2. What is the detection limit of the overall process? (going from single cell RNA cDNA preamplified cDNA qPCR reaction)

Detection Limit of the qPCR Reaction Based on digital PCR results using well-performing assays, it is clear that a single target DNA molecule in a reaction chamber will generate a positive amplification plot. That is why the theoretical limit of PCR is one molecule. A more stringent definition of detection limit, however, would incorporate some indication of the confidence of detecting a target. If a number of identical PCR reactions are performed at an average concentration of one target DNA molecule per reaction chamber, then 37% of the reactions will not contain a single molecule. The chance of detection is therefore 63%. This effect can be calculated according to the Poisson distribution; there is a 37% likelihood that a molecule will not actually land in the chamber, and thus will not show a positive amplification plot. For stringent detection, at what concentration is there at least a 99% chance of generating a positive amplification plot? This occurs at an average concentration of five target molecules per reaction chamber as shown by the Poisson distribution in Figure 9.

Figure 9: Poisson distribution at average of 5 targets/chamber

15

Thus, a stringent definition of LoD would be the value that corresponds to five targets per reaction chamber, which in turn corresponds to a >99% chance of detection with one single-cell replicate. This stringent definition minimizes the number of false negatives; however, it may exclude true positives. In other words, one can be very confident that a positive really is a positive, but some data may be excluded. To explore the effects of sensitivity on results, data can be analyzed using different values for LoD, ranging from stringent to relaxed. For example, the data used in the workflow section of this document indicates that 22 cycles is a stringent LoD Ct value. Thus, Log2Ex values could be calculated using LoD = 22, 23, 24, or 25, and each data set then analyzed to see if altering stringency impacts conclusions. In the single-cell gene expression workflow, qPCR reactions are preceded by preamplification of cDNA. Statistically, 18-20 cycles of preamplification will result in an average of five copies of target per chamber from a single copy of cDNA. Preamplification can have efficiencies close to 100%, as reported by Devonshire et al. (2011). More details on preamplification and its effect on target concentration are discussed in Section 3 (Appendices). The foregoing discussion indicates that the single-cell protocol should be fairly robust even if only a single cDNA molecule is generated in the reverse transcription reaction on the mRNA from a single cell. Of course, the overall limit of detection is critically dependent on the efficiency of the reverse transcriptase. Furthermore, this efficiency probably varies depending on the transcript and the location of the assay amplicon within the transcript. Although reverse transcriptase efficiency deserves closer scrutiny, it will not be explored here. Also, the overall availability of RNA after cell lysis will have an effect on the limit of detection for single-cell gene expression.
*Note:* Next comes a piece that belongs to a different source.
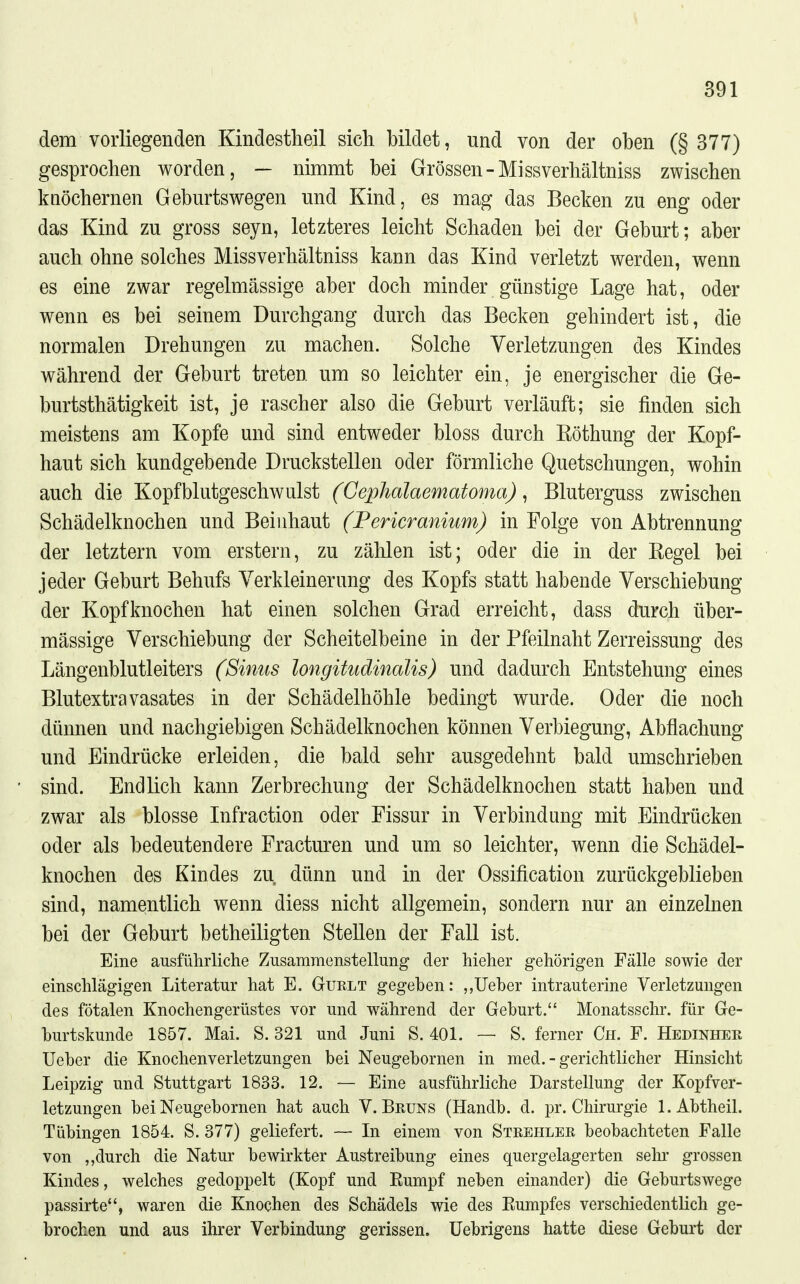 dem vorliegenden Kindestheil sich bildet, und von der oben (§ 377) gesprochen worden, — nimmt bei Grössen-Missverhältniss zwischen knöchernen Geburtswegen und Kind, es mag das Becken zu eng oder das Kind zu gross seyn, letzteres leicht Schaden bei der Geburt; aber auch ohne solches Missverhältniss kann das Kind verletzt werden, wenn es eine zwar regelmässige aber doch minder günstige Lage hat, oder wenn es bei seinem Durchgang durch das Becken gehindert ist, die normalen Drehungen zu machen. Solche Verletzungen des Kindes während der Geburt treten um so leichter ein, je energischer die Ge- burtsthätigkeit ist, je rascher also die Geburt verläuft; sie finden sich meistens am Kopfe und sind entweder bloss durch Eöthung der Kopf- haut sich kundgebende Druckstellen oder förmliche Quetschungen, wohin auch die Kopfblutgeschwulst (Gephalaematoma) ^ Bluterguss zwischen Schädelknochen und Beiiihaut (Pericranium) in Folge von Abtrennung der letztern vom erstem, zu zählen ist; oder die in der Begel bei jeder Geburt Behufs Verkleinerung des Kopfs statt habende Verschiebung der Kopfknochen hat einen solchen Grad erreicht, dass durch über- mässige Verschiebung der Scheitelbeine in der Pfeilnaht Zerreissung des Längenblutleiters (Sinus longitudinalis) und dadurch Entstehung eines Blutextravasates in der Schädelhöhle bedingt wurde. Oder die noch dünnen und nachgiebigen Schädelknochen können Verbiegung, Abflachung und Eindrücke erleiden, die bald sehr ausgedehnt bald umschrieben sind. Endlich kann Zerbrechung der Schädelknochen statt haben und zwar als blosse Infraction oder Fissur in Verbindung mit Eindrücken oder als bedeutendere Fracturen und um so leichter, wenn die Schädel- knochen des Kindes zu dünn und in der Ossification zurückgeblieben sind, namentlich wenn diess nicht allgemein, sondern nur an einzelnen bei der Geburt betheiligten Stellen der Fall ist. Eine ausführliche Zusammenstellung der hieher gehörigen Fälle sowie der einschlägigen Literatur hat E. Gurlt gegeben: ,,lieber intrauterine Verletzungen des fötalen Knochengerüstes vor und während der Geburt. Monatsschr. für Ge- hurtskunde 1857. Mai. S. 321 und Juni S. 401. — S. ferner Ch. F. Hedinher Ueber die Knochenverletzungen bei Neugebornen in med. - gerichtlicher Hinsicht Leipzig und Stuttgart 1833. 12. — Eine ausführliche Darstellung der Kopfver- letzungen bei Neugebornen hat auch V.Bruns (Handb. d. pr. Chirurgie 1. Abtheil. Tübingen 1854. S. 377) geliefert. — In einem von Strehler beobachteten Falle von ,,durch die Natur bewirkter Austreibung eines quergelagerten sehr grossen Kindes, welches gedoppelt (Kopf und Eumpf neben einander) die Geburtswege passirte, waren die Knochen des Schädels wie des Kumpfes verschiedentlich ge- brochen und aus ihrer Verbindung gerissen. Üebrigens hatte diese Geburt der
Qualification of Assays Prior to Single-Cell Experiments


There are two reasons to test assays on cDNA prepared from bulk RNA before embarking on analyzing single cells. First, when using DNA binding dye assays, such as DELTAgeneTM Assays, the data are used to determine the correct Tm range for the amplicon generated by each assay. For this purpose, it is best to use bulk RNA from the same or similar cells as the single cells to be studied, so that splice variants will be the same as in the single cells. If bulk samples are not

16

available, then appropriate tissue-specific or universal RNA or cDNA can be purchased from various vendors. Second, the data are used to estimate an LoD Ct value for use in data analysis. These two properties, Tm and LoD Ct, are characteristics of the qPCR assay and not of the reverse transcriptase step or preamplification step. Therefore, this qualification test is performed using dilutions of preamplified cDNA in order to focus on the qPCR assays. For the purpose of empirically estimating a LoD Ct value, six replicates of each dilution concentration are run. For each assay, a preliminary LoD Ct is determined by taking the average Ct for the most dilute sample that has positive amplification plots for all six replicates. Because of the approximate nature of this LoD Ct value, it is reasonable to use it for any additional primer pairs that are added to the experiment. The LoD Ct value is most drastically affected by platform. For any particular platform, however, the exact LoD Ct value is somewhat arbitrary and probably will not drastically impact the interpretation of a single-cell experiment. As discussed above, this can be tested by first using the stringent LoD Ct value, then increasing it in one-cycle increments and seeing how this affects the results.

Elimination of Cells or Genes from Subsequent Analysis


It can be difficult to decide which cells can be eliminated from analysis due to abnormally low expression. Using low (or no) expression of a single control gene is not a reliable metric for excluding cells from the data set because the level of expression of any single gene (including housekeeping genes) can vary widely between single cells. Using multiple control genes in single-cell experiments allows greater confidence in eliminating samples, as cells with low expression across several genes are likely to be abnormal. We suggest including three highly-expressed, monophasic control genes in the set of assays used to interrogate the cells. The standard deviation of the control genes can be calculated, as well as a cutoff Ct that is three standard deviations below the mean, as shown in Figure 10. Cells whose expression is below the cutoff Ct for at least two of the three control genes can be eliminated.

17

Figure 10: Cutoff Ct three standard deviations below mean

Normalization
The Ct method (Livak and Schmittgen, 2001) may not be best for identifying differences among the single cells being analyzed. Normalization should be considered a variable that can be tried to see if it has any significant effect on the analysis of the expression data. Normalizing to a single reference gene that is varying 10- to 1,000-fold at the single-cell level is generally not useful. Guo et al. (2010) normalized using the average of ActB and Gapdh Log2Ex values. One way that normalization might be beneficial is by reducing variation due to differing cell size. It is not necessary to normalize Log2Ex data on a per-cell basis. In fact, many single-cell publications have not used any cell-based normalization. Vandesompele et al. (2002) describe the geNorm method, a robust way to use multiple reference genes to determine a normalization factor.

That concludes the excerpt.